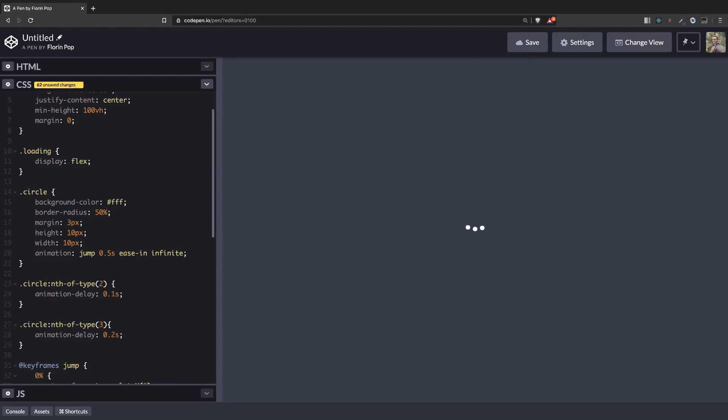And here you have it. This is a nice loading animation you can use in a project when you want to make a request to the server and you want to show the user that something is loading behind the scenes. Thank you for watching this tutorial. I hope it was helpful. See you next time. Bye.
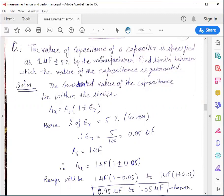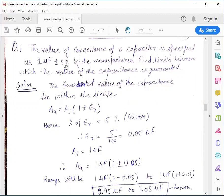Our first numerical: the value of capacitance of a capacitor is specified as 1 micro Farad plus minus 5% by the manufacturer. Find the limits between which the value of the capacitance is guaranteed. The manufacturer has specified a capacitor whose value is 1 micro Farad with a relative percentage error of 5%, and we need to find the range of the capacitance value.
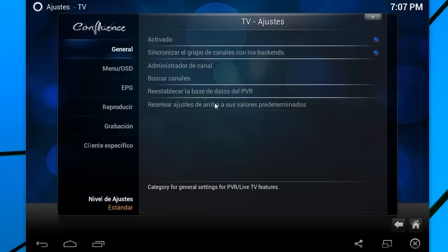Una vez que tengamos absolutamente todo configurado, en algunos casos es necesario reiniciar. Es decir, cerrar no el ordenador ni el emulador ni el teléfono móvil, sino solamente Kodi.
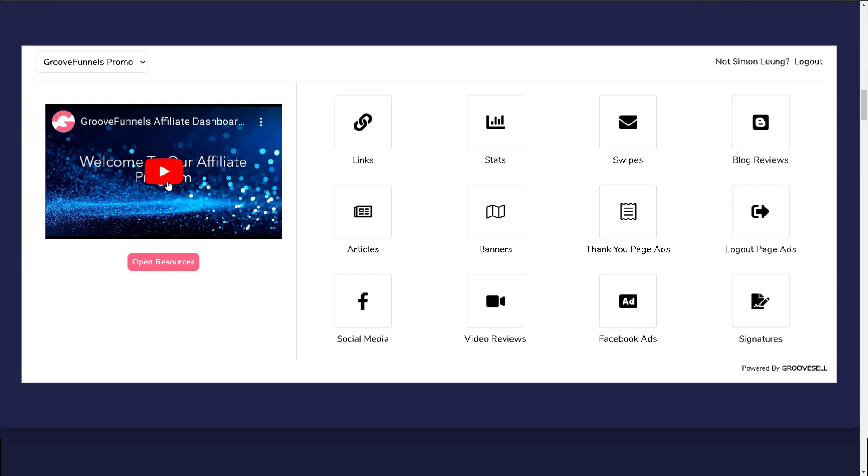As a GrooveFunnels member, you will also be able to use this video for your own affiliate promotional tools. Within our tutorials, you will also be able to learn how to change this video into your own video.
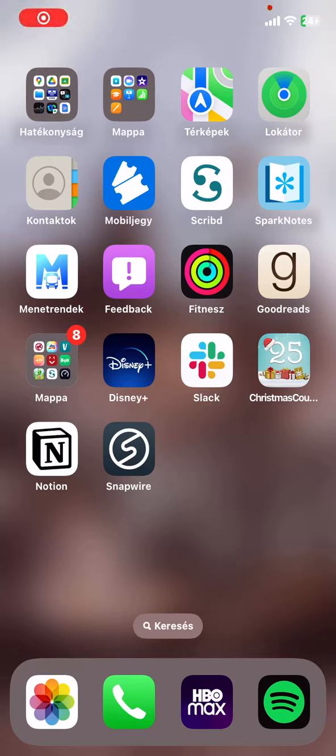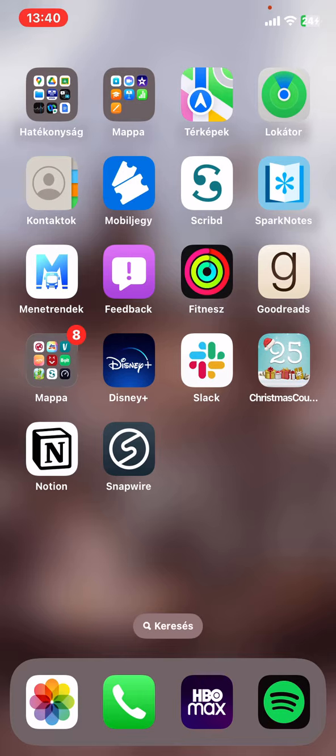Hello guys! In this video I'm going to show you how to enable the save photos to album function in the Snapwire application.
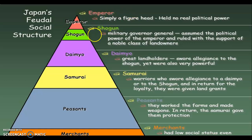Above the daimyo was the shogun. He was the military governor general who assumed the political power of the emperor and ruled with the support of the noble class of landowners — the daimyo. At the very top of the pyramid was the emperor, who was simply a figurehead, meaning he didn't have any real power. He was just a symbol for the Japanese people, but all actual power belonged with the shogun, the head military leader. Whoever controlled the soldiers during this time period controlled the country.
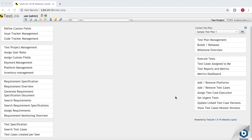Hello guys, welcome to another tutorial on TestLink from RCVAcademy.com. In this tutorial we will learn about platform management, its significance, and how it is helpful to manage different platforms or different combinations of test cases that you want to execute in TestLink.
== == ==
Give the data above again, exactly and completely. No pictures go in.

And here you have it. This is a nice loading animation you can use in a project when you want to make a request to the server and you want to show the user that something is loading behind the scenes. Thank you for watching this tutorial. I hope it was helpful. See you next time. Bye.
Our first numerical: the value of capacitance of a capacitor is specified as 1 micro Farad plus minus 5% by the manufacturer. Find the limits between which the value of the capacitance is guaranteed. The manufacturer has specified a capacitor whose value is 1 micro Farad with a relative percentage error of 5%, and we need to find the range of the capacitance value.
Una vez que tengamos absolutamente todo configurado, en algunos casos es necesario reiniciar. Es decir, cerrar no el ordenador ni el emulador ni el teléfono móvil, sino solamente Kodi.
As a GrooveFunnels member, you will also be able to use this video for your own affiliate promotional tools. Within our tutorials, you will also be able to learn how to change this video into your own video.
Hello guys! In this video I'm going to show you how to enable the save photos to album function in the Snapwire application.
Above the daimyo was the shogun. He was the military governor general who assumed the political power of the emperor and ruled with the support of the noble class of landowners — the daimyo. At the very top of the pyramid was the emperor, who was simply a figurehead, meaning he didn't have any real power. He was just a symbol for the Japanese people, but all actual power belonged with the shogun, the head military leader. Whoever controlled the soldiers during this time period controlled the country.
Hello guys, welcome to another tutorial on TestLink from RCVAcademy.com. In this tutorial we will learn about platform management, its significance, and how it is helpful to manage different platforms or different combinations of test cases that you want to execute in TestLink.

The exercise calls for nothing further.